From mboxrd@z Thu Jan  1 00:00:00 1970
From: "Singh, Balbir" <bsingharora@gmail.com>
Subject: Re: [PATCH 0/10] psi: pressure stall information for CPU, memory, and
 IO v2
Date: Thu, 26 Jul 2018 11:07:32 +1000
Message-ID: <268c2b08-6c90-de2b-d693-1270bb186713@gmail.com>
References: <20180712172942.10094-1-hannes@cmpxchg.org>
 <CAKTCnzmt_CnfZMMdK9_-rBrL4kUmoE70nVbnE58CJp++FP0CCQ@mail.gmail.com>
 <20180724151519.GA11598@cmpxchg.org>
Mime-Version: 1.0
Content-Transfer-Encoding: 7bit
Return-path: <linux-kernel-owner@vger.kernel.org>
DKIM-Signature: v=1; a=rsa-sha256; c=relaxed/relaxed;
        d=gmail.com; s=20161025;
        h=subject:to:cc:references:from:message-id:date:user-agent
         :mime-version:in-reply-to:content-language:content-transfer-encoding;
        bh=ywLQPJZS0v12teFwlUPp7DbAsuqlLkl4NP6N1NUIKtI=;
        b=BTZDI6gPlmJZb4X/f/ZXKG0R6lBpB+i93gTpiJG44Vt/VTLg2KwYdSDJSlQyGPT9A7
         6IM3vAe1JisN43wFMncOnEcSWsuDgCVYM1wRHbh6b66DgPCC59ohj4c6Qv8KtrKMMoxL
         KqNMLQX7FWz1OJUdY60Z9Zp2Xmvolc1n6UmRfd0zt93MVWslbO01KzYxpmZxK6vQvswK
         lQnBL0W6JhxmGGOfHOQWKYOpA24j1e1WYbyxK9i0rKe0Ett9h3n2EAh9MRchuC61gUtH
         LoTiikcs9zg0dZ+TE3nUI7Ez1gpUKrLG/ZzxgOkTDsVI2mACmCA7WAbwNWXRwefj4GsK
         cm7A==
In-Reply-To: <20180724151519.GA11598@cmpxchg.org>
Content-Language: en-GB
Sender: linux-kernel-owner@vger.kernel.org
List-ID: <cgroups.vger.kernel.org>
Content-Type: text/plain; charset="us-ascii"
To: Johannes Weiner <hannes@cmpxchg.org>
Cc: Ingo Molnar <mingo@redhat.com>, Peter Zijlstra <peterz@infradead.org>, "akpm@linux-foundation.org" <akpm@linux-foundation.org>, Linus Torvalds <torvalds@linux-foundation.org>, Tejun Heo <tj@kernel.org>, surenb@google.com, Vinayak Menon <vinmenon@codeaurora.org>, Christoph Lameter <cl@linux.com>, Mike Galbraith <efault@gmx.de>, Shakeel Butt <shakeelb@google.com>, linux-mm <linux-mm@kvack.org>, cgroups@vger.kernel.org, "linux-kernel@vger.kernel.org" <linux-kernel@vger.kernel.org>, kernel-team@fb.com


On 7/25/18 1:15 AM, Johannes Weiner wrote:
> Hi Balbir,
> 
> On Tue, Jul 24, 2018 at 07:14:02AM +1000, Balbir Singh wrote:
>> Does the mechanism scale? I am a little concerned about how frequently
>> this infrastructure is monitored/read/acted upon.
> 
> I expect most users to poll in the frequency ballpark of the running
> averages (10s, 1m, 5m). Our OOMD defaults to 5s polling of the 10s
> average; we collect the 1m average once per minute from our machines
> and cgroups to log the system/workload health trends in our fleet.
> 
> Suren has been experimenting with adaptive polling down to the
> millisecond range on Android.
> 

I think this is a bad way of doing things, polling only adds to overheads, there needs to be an event driven mechanism and the selection of the events need to happen in user space.

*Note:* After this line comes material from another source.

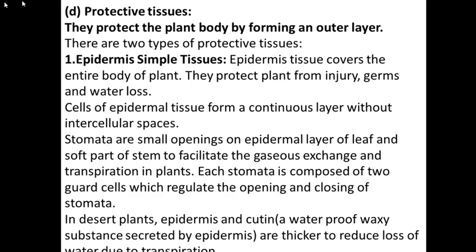We will revise all these tissues in a live session, so don't be confused. The last part is protective tissues, which are very important. Below the epidermis, the parenchyma and colenchyma tissues are present, so protective tissues are important because their main function is protection — they provide protection to each and every body part of the plant.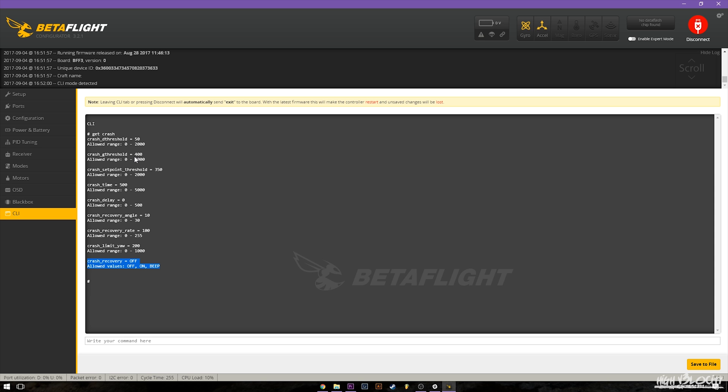And then simply set this a little bit higher than gyro error. So let's say you're getting about 400 degrees of gyro error you can then go ahead and turn this up to say 500 and you would have to have 500 degrees of error in order for crash recovery to activate.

>> Why aren't existing mechanisms sufficient
> 
> Our existing stuff gives a lot of indication when something *may* be
> an issue, like the rate of page reclaim, the number of refaults, the
> average number of active processes, one task waiting on a resource.
> 
> But the real difference between an issue and a non-issue is how much
> it affects your overall goal of making forward progress or reacting to
> a request in time. And that's the only thing users really care
> about. It doesn't matter whether my system is doing 2314 or 6723 page
> refaults per minute, or scanned 8495 pages recently. I need to know
> whether I'm losing 1% or 20% of my time on overcommitted memory.
> 
> Delayacct is time-based, so it's a step in the right direction, but it
> doesn't aggregate tasks and CPUs into compound productivity states to
> tell you if only parts of your workload are seeing delays (which is
> often tolerable for the purpose of ensuring maximum HW utilization) or
> your system overall is not making forward progress. That aggregation
> isn't something you can do in userspace with polled delayacct data.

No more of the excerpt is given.